DIRECTIONS FOR THIS TASK:
What you should give back is every line from the one containing "Adelaide v Carlton betting tips" through the last line of the records below, word for word and without pictures.

EXTRACTED RECORDS:
..............................

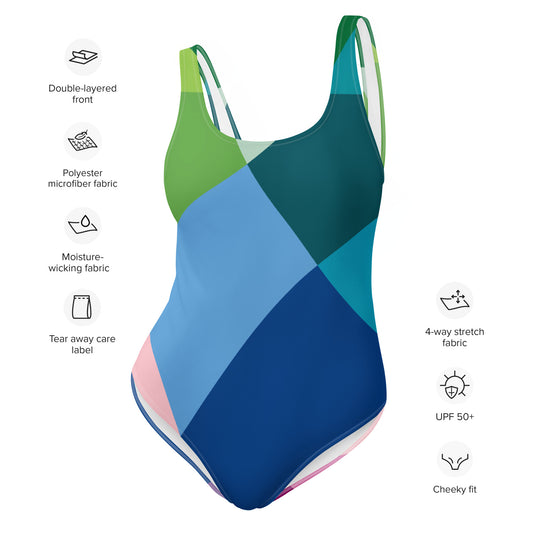 Buzzin' Womens Swim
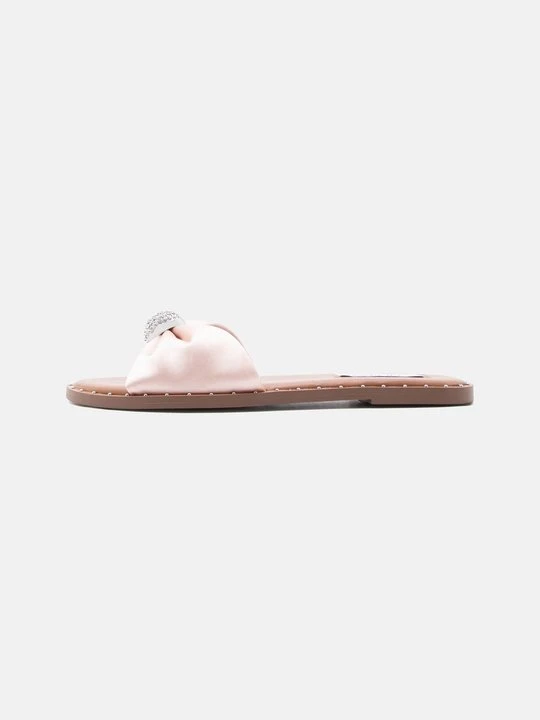 Zdjęcie produktu Klapki płaskie Steve Madden nude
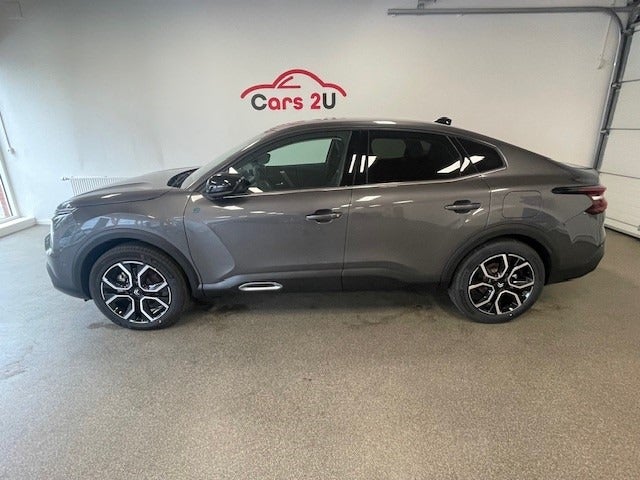 Citroën ë-C4 X 50 Max 4d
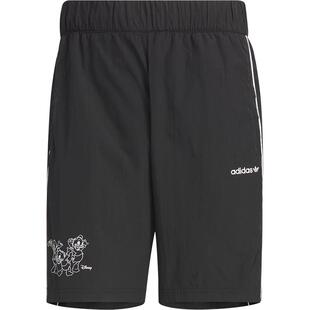 Adidas/阿迪达斯正品三叶草男士运动透气宽松短裤JP1415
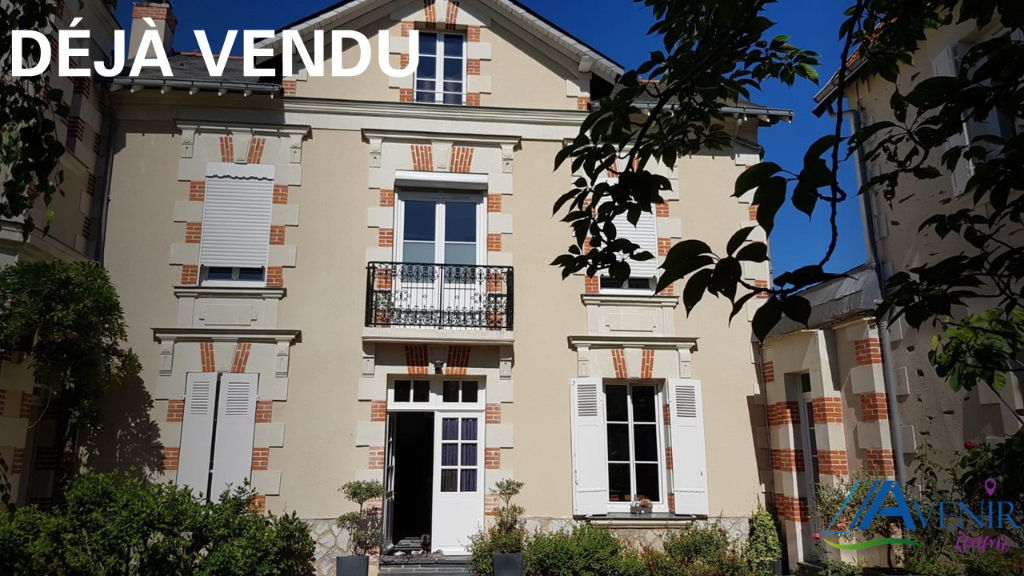 Maison de maître - Angers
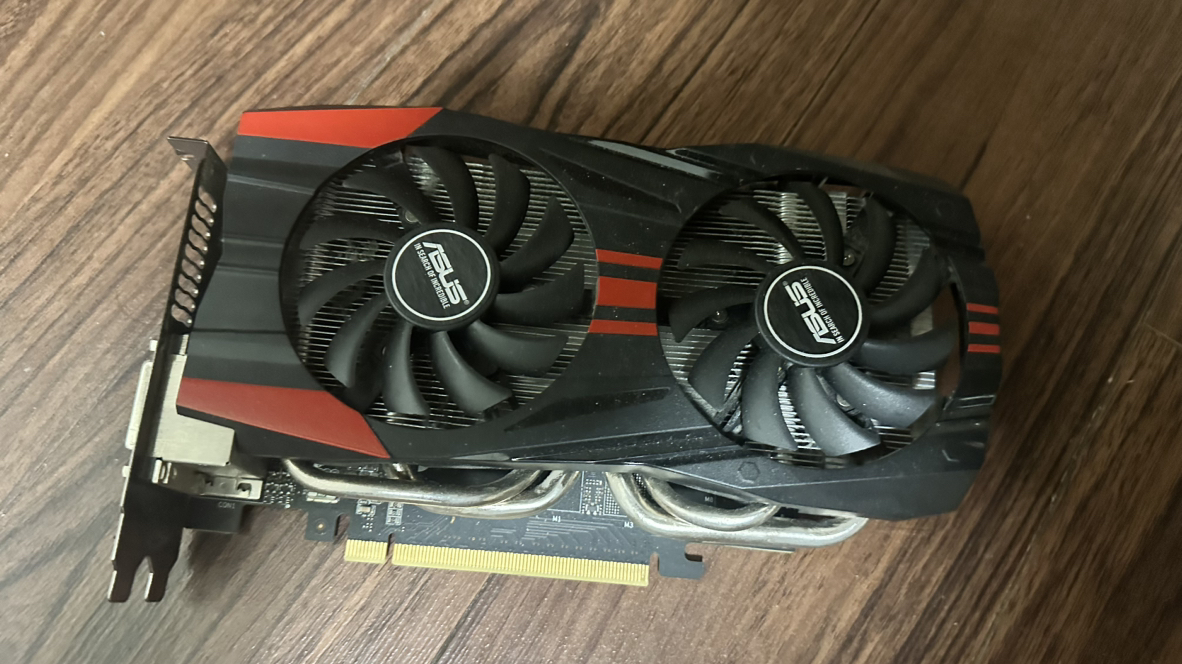 ASUS NVIDIA GeForce GTX760 2GB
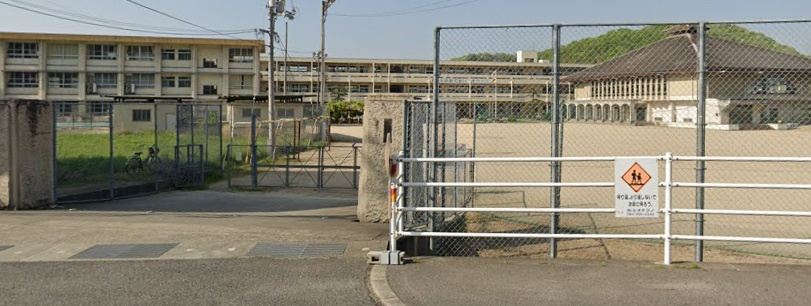 【小学校】竹尋小学校まで1714ｍ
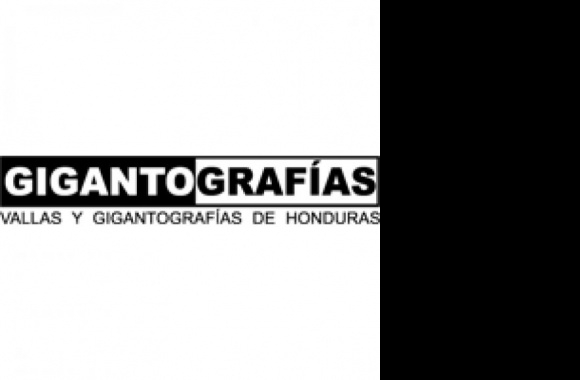 Giganto Grafías Logo download in high quality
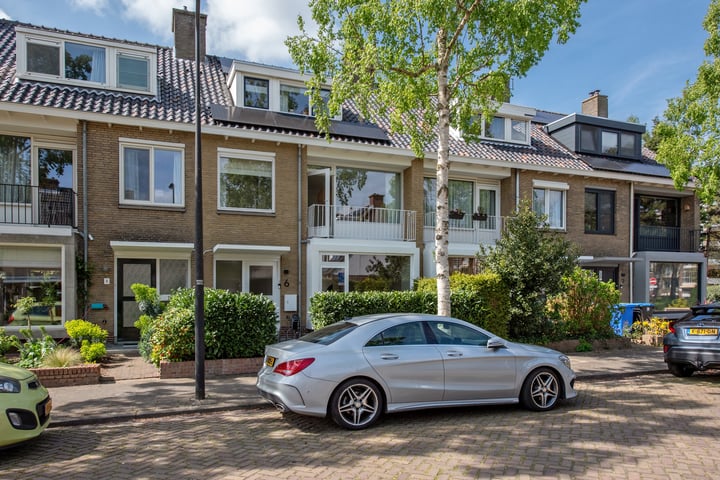 Minister Lelylaan 6 in Rijswijk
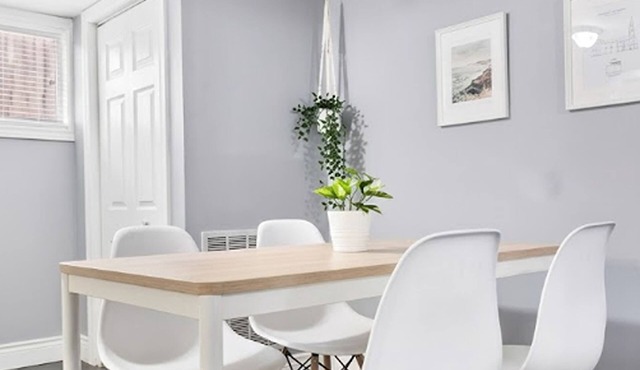 Charming 4BR Escape | On-Site Parking | Private Garden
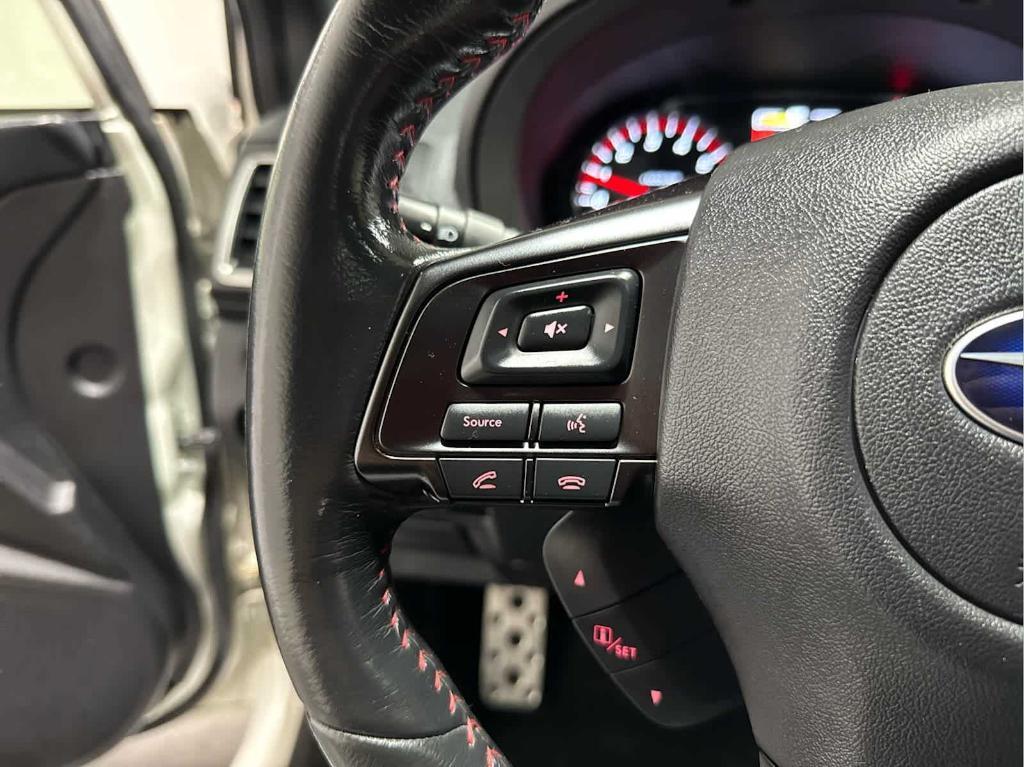 used 2019 Subaru WRX car, priced at $19,190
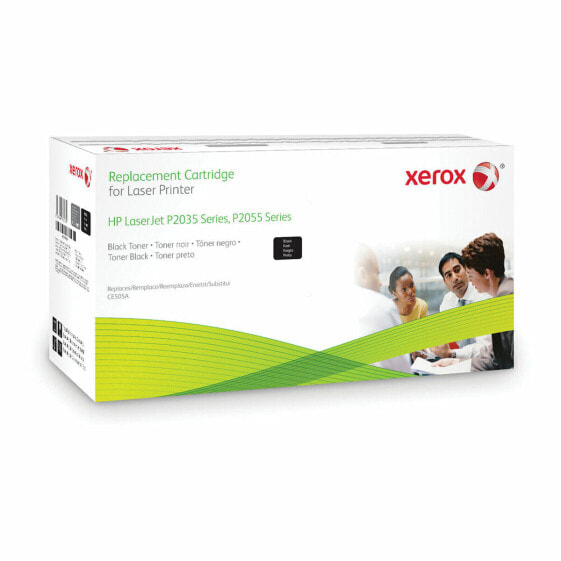 Совместимый тонер Xerox 003R99807 Чёрный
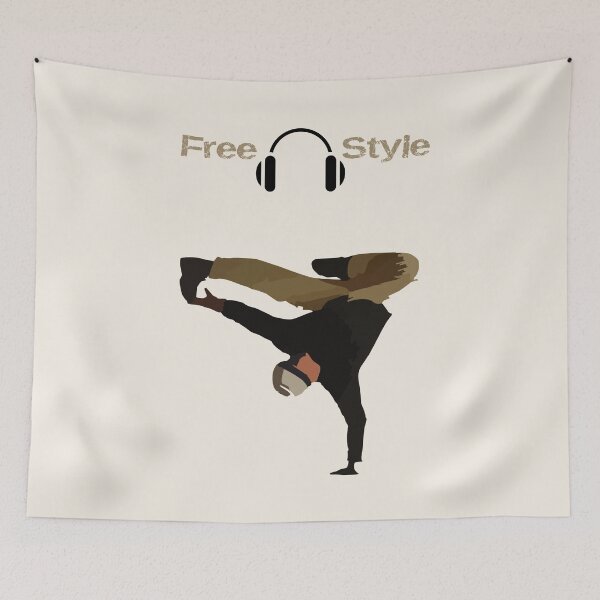 Item preview, Free Style 1 designed and sold by albix81.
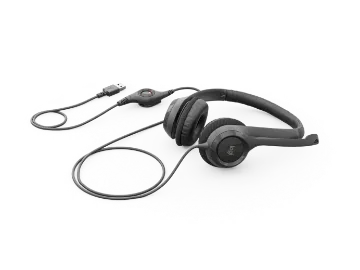 Show details for Logitech H390 USB COMPUTER HEADSET Picture of Logitech H390 USB COMPUTER HEADSET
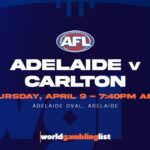 Adelaide v Carlton betting tips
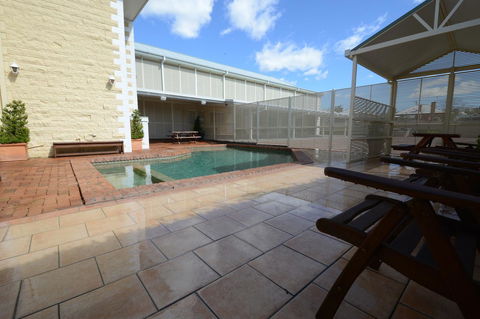 Quality Inn Ashby House Tamworth - Accommodation in Bendigo 24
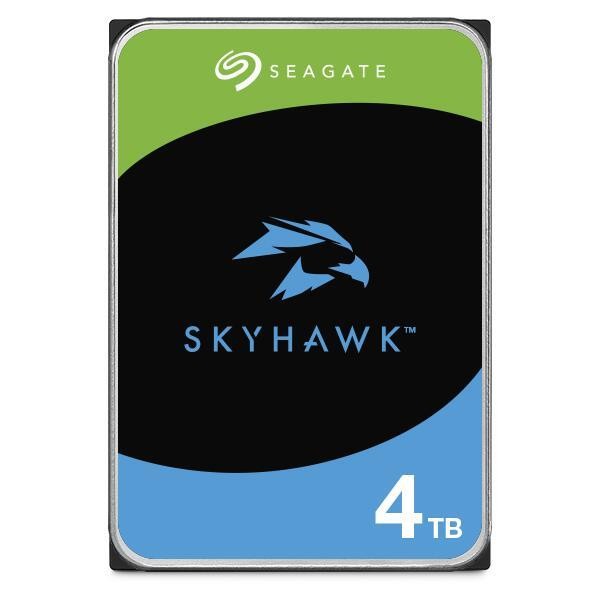 Seagate SkyHawk ST4000VX016 disco duro interno 4 TB 256 MB 3.5"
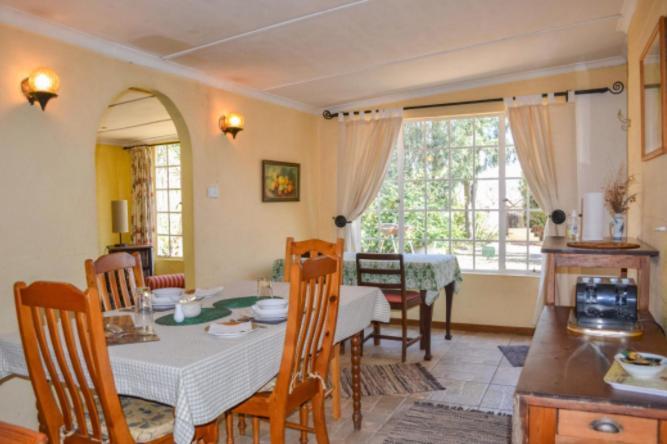هيمفيل Yellowwood Cottage المظهر الخارجي الصورة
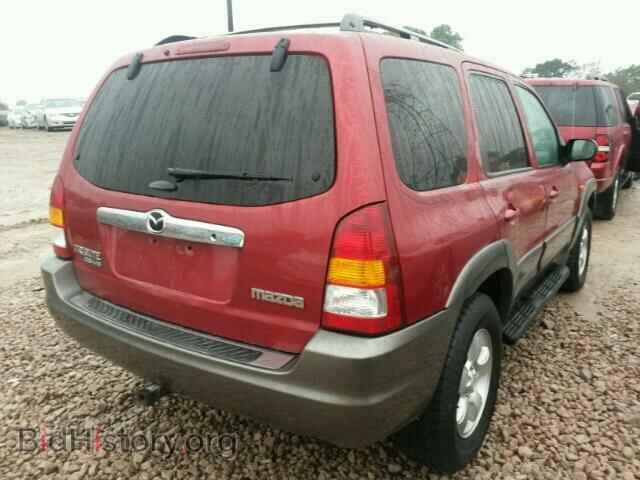 2001 MAZDA TRIBUTE - VIN: 4F2YU09151KM33516 - Photo 4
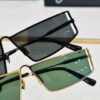 6931abe5ccd8ab3d7afa03bf Trendy Bestseller Saint Laurent 💫SL606 💫 Size: 65□15-145 Premium Acetate Frame Design, Favored by Influencers, Exudes Full Charm and High-end Y-Style, Quality Sunglasses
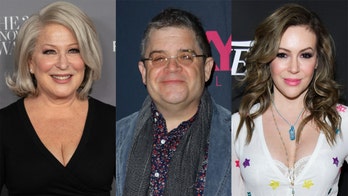 Celebrities react to the vice presidential debate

..............................

EXPECTED ANSWER:
 Adelaide v Carlton betting tips
 Quality Inn Ashby House Tamworth - Accommodation in Bendigo 24
 Seagate SkyHawk ST4000VX016 disco duro interno 4 TB 256 MB 3.5"
هيمفيل Yellowwood Cottage المظهر الخارجي الصورة
 2001 MAZDA TRIBUTE - VIN: 4F2YU09151KM33516 - Photo 4
 6931abe5ccd8ab3d7afa03bf Trendy Bestseller Saint Laurent 💫SL606 💫 Size: 65□15-145 Premium Acetate Frame Design, Favored by Influencers, Exudes Full Charm and High-end Y-Style, Quality Sunglasses
 Celebrities react to the vice presidential debate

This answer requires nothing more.